Menschliche Würde verwirklicht sich angesichts des Absurden nur durch das bewusste Standhalten und die permanente Auflehnung gegen das Absurde. Der Selbstmord kann hier kein Ausweg sein, denn sich selbst zu töten, würde dem Menschen ja gerade die Möglichkeit nehmen, sein wahres Menschsein zu verwirklichen. 

So schreibt Camus: „Es gibt für den Menschen keine Freiheit, solange er seine Angst vor dem Tod nicht überwunden hat. Aber nicht durch Selbstmord. Um zu überwinden, darf man sich nicht aufgeben.“

"Der Kampf gegen Gipfel vermag ein Menschenherz ausfüllen.
Wir müssen uns Sisyphos als einen glücklichen Menschen vorstellen." (Camus)
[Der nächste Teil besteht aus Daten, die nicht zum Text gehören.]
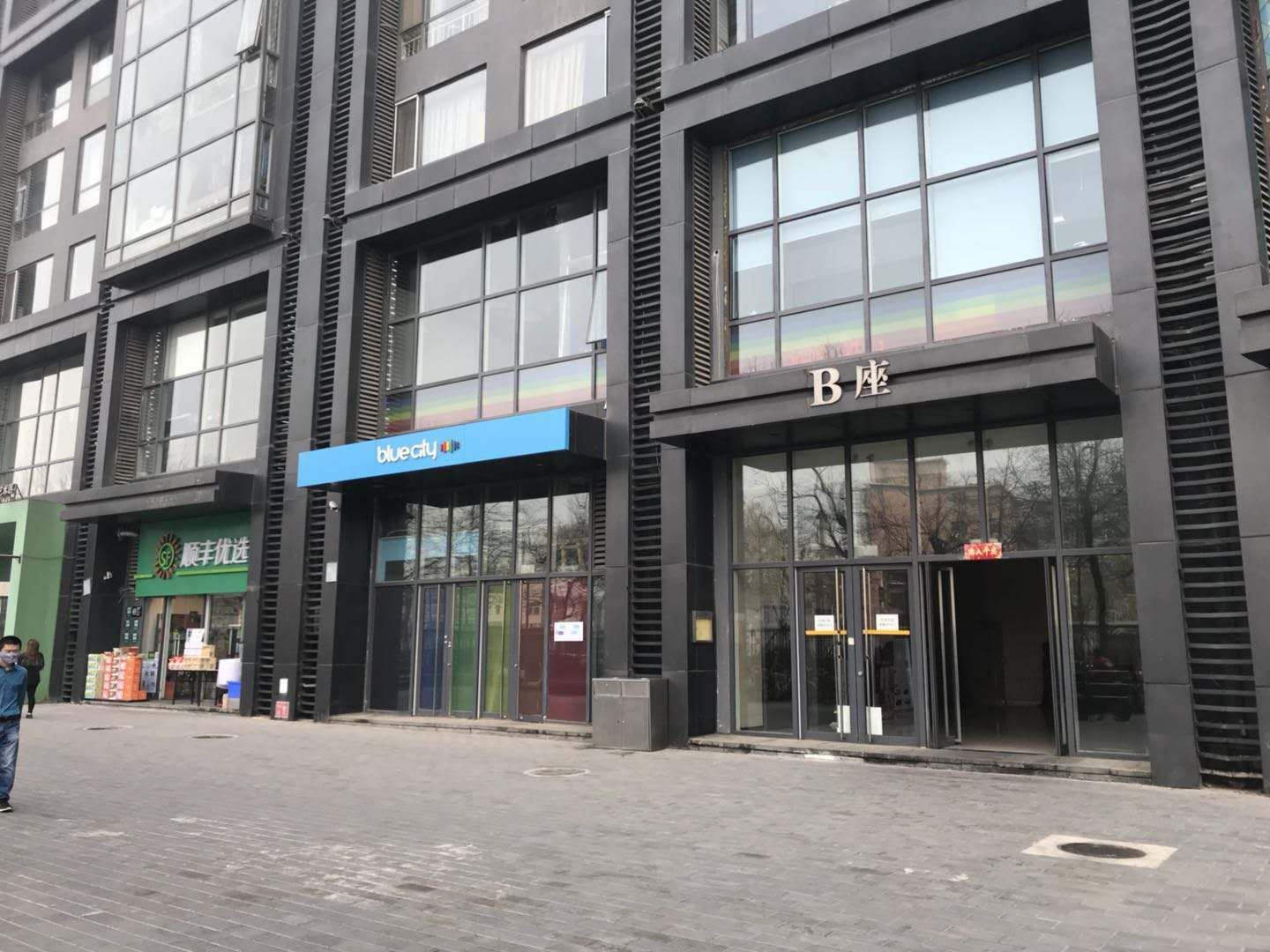 北京悠家公寓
Diese ständige Auflehnung gegen das Absurde ist die Revolte, eine ihrer Spielarten ist die metaphysische Revolte.  Sie besteht zunächst darin, „dass der Mensch an der transzendenten Sinngebung seiner Existenz zu zweifeln beginnt und gegen die transzendente Rechtfertigung des Leidens und des Sterbens revoltiert.“ 

Man darf die metaphysische Revolte jedoch nicht mit Atheismus gleichsetzen: „Der Revoltierende fordert eher heraus, als dass er leugnet. Am Anfang wenigstens beseitigt er Gott nicht, er spricht einzig als Ebenbürtiger mit ihm.“ Wer metaphysisch revoltiert, sei also nicht notwendig ein Gottesleugner, aber er ist unweigerlich ein Gotteslästerer.
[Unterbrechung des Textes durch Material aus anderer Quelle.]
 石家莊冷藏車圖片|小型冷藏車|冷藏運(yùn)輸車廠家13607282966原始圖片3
„In den letzten Augenblicken des antiken Denkens“ nun findet die metaphysische Revolte ihre Sprache in der Philosophie Epikurs:

Epikur (341 - 270 v. Chr.)
„Die erschütternde Trauer Epikurs … ist zweifellos von einer Angst vor dem Tod eingegeben, welche dem griechischen Geist nicht fremd ist. Aber der pathetische Akzent dieser Angst ist aufschlussreich. `Man kann sich gegen alles sichern, doch was den Tod betrifft, bleiben wir wie die Bewohner einer geschleiften Festung.´ Weshalb also den Genuss auf später verschieben?

`Mit Warten´, sagt Epikur, `zehren wir unser Leben auf, und wir arbeiten uns alle zu Tode.´ Also muss man sich dem Genuss ergeben. Doch welch befremdlicher Genuss! Er besteht darin, die Fenster der Festung zuzumauern, sich des Brotes und des Wassers im stillen Schatten zu versichern. Da der Tod uns bedroht, muss man beweisen, dass der Tod nichts ist. (…)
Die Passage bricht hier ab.